Long-term corticosteroid use also suppresses your adrenal glands. Because you’re getting synthetic cortisol from the outside, your body gradually stops making its own. If you stop the medication abruptly, your adrenal glands can’t pick up the slack fast enough, leaving you exhausted, dizzy, and achy. This is why doctors taper the dose gradually rather than stopping all at once. Other long-term risks include bone thinning, weight gain (especially around the face and midsection), mood changes, and increased vulnerability to infections due to immune suppression.
At lower doses, around 10 mg daily or less, these risks drop significantly, and many people take low-dose corticosteroids for chronic conditions without major complications.
Side Effects of Anabolic Steroids
Because anabolic steroids flood the body with far more testosterone (or testosterone-like compounds) than it would produce naturally, the side effects reach across multiple organ systems.
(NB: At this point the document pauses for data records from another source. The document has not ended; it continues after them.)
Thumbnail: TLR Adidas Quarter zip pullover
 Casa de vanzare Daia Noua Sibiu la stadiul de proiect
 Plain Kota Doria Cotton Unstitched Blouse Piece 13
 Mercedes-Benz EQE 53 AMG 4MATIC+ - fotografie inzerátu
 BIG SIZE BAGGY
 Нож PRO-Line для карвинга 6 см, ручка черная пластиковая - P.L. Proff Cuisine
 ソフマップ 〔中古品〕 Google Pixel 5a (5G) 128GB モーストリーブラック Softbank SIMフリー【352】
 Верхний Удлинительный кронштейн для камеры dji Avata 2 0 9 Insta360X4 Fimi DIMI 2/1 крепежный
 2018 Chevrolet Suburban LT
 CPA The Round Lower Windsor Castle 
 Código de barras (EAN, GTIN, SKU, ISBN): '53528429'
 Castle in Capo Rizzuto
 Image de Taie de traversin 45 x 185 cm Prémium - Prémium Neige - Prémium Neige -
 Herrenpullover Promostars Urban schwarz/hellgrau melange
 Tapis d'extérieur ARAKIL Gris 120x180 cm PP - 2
In men, the body responds to the external supply by shutting down its own testosterone production, which can shrink the testicles, reduce sperm count, and cause erectile dysfunction. These effects can persist for months or longer after stopping use.
Cardiovascular damage is one of the most serious long-term concerns. Anabolic steroids shift cholesterol profiles in a harmful direction, raising levels of “bad” cholesterol while lowering the protective kind. They can also enlarge the heart muscle in ways that impair its function and promote stiffness in blood vessel walls. Together, these changes significantly raise the risk of heart attack and stroke, even in young, otherwise fit users.
Liver damage is another well-documented risk, particularly with oral anabolic steroids that pass through the liver. Psychological effects are common too: increased aggression, irritability, anxiety, and in some cases full mood disorders. In women, anabolic steroid use can cause deepening of the voice, facial hair growth, and menstrual irregularities, some of which may be irreversible. Adolescents who use anabolic steroids risk premature closure of their growth plates, permanently limiting their adult height.
Why People Confuse the Two
The word “steroid” is a chemistry term describing a specific molecular shape: four connected carbon rings. Both corticosteroids and anabolic steroids share that basic structure, which is why they share the name. But their effects on the body are almost opposite in some ways. Corticosteroids can cause muscle weakness and bone loss with prolonged use, while anabolic steroids build muscle and increase bone density. Corticosteroids suppress the immune system; anabolic steroids don’t.
If your doctor prescribes “steroids” for an inflammatory condition, they mean corticosteroids. These will not cause the muscle-building or masculinizing effects associated with anabolic steroids. And if someone at the gym talks about “being on steroids,” they almost certainly mean anabolic steroids, not the kind prescribed for allergies or arthritis.